According to family tradition, this unusually large table was presented as a gift by the Archbishop of Goa to the great-grandfather of a former owner, a military engineer stationed in Portuguese India in the late nineteenth century. Research suggests that the recipient was José Frederico d’Assa Castel-Branco (1836-1912), director of Goa’s Public Works Department, who was responsible for the design of the Archbishop’s Palace in Altinho, Panjim (New Goa). Approved in 1887 under Archbishop António Sebastião Valente (1846-1908), the building was erected between 1890 and 1895. Castel-Branco, born in Margão, was appointed Deputy-Director of the Public Works Department in 1879 and Director in 1888, authoring important public buildings in Panjim such as the Post Office, the Meteorological Observatory, and the Public Works Department headquarters.  He also taught at the Military and Mathematics School of Goa, the Professional School of New Goa, and the Lyceum of Goa (1887–1906). Castel-Branco retired as general in 1901 and withdrew from the Public Works Department in 1905. The present table was likely gifted to him by Archbishop Valente around 1890, perhaps in recognition of his architectural services.
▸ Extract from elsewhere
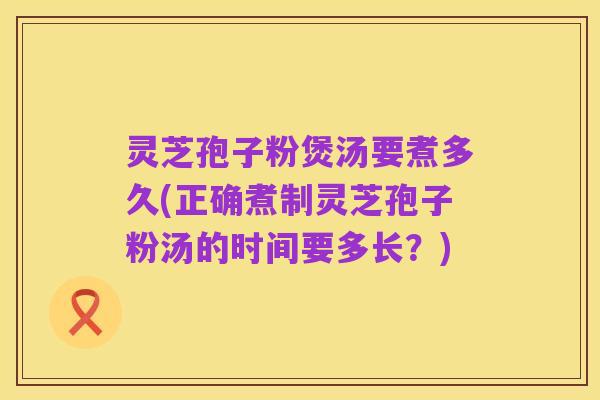灵芝孢子粉煲汤要煮多久(正确煮制灵芝孢子粉汤的时间要多长？)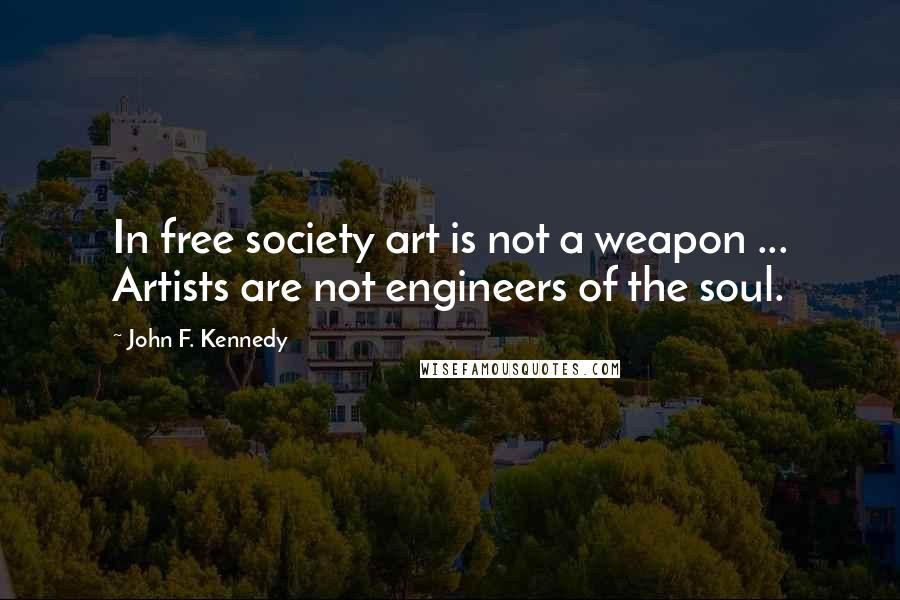 John F. Kennedy Quotes: In free society art is not a weapon ... Artists are not engineers of the soul.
The chronology of this gift helps to explain the old restorations visible on the table, including brass fittings and reinforcing wooden slats applied to the underside of the top, probably at the moment when its original drawers were lost. A comparable, though much smaller and earlier, example of this type (86.5 x 132.5 x 97.7 cm), with two drawers, straight legs, and the same interlocking-circle decoration, belongs to the Museu Nacional de Arte Antiga, Lisbon (inv. 10 Mov). Another, in a private collection, of even smaller dimensions (65.0 × 69.5 × 47.0 cm), also with drawers, exhibits spiral-turned splayed feet, ebonised ball feet, and spherical stretcher nodes identical to the present table.  Exceptional for its imposing size—tables of this type rarely exceed 150 cm in length—and for the refinement of its spiral-turned supports, the present example is distinguished not only by its craftsmanship but also by its provenance, which situates it at the intersection of Goan artisanal virtuosity and the patronage of the highest ranks of Portuguese colonial society.


1)On this Goan production, see Hugo Miguel Crespo, India in Portugal. A Time of Artistic Confluence (cat.), Porto, Blueboook, 2021, pp. 115-120.
2) See Alice Santiago Faria, Architecture Coloniale Portugaise à Goa. Le Département des Travaux Publics, 1840-1926, Saarbruchen, ‎Presses Académiques Francophones, 2014.
3)  Pedro Dias, Mobiliário Indo-Português, Moreira de Cónegos, Imaginalis, 2013, p. 195.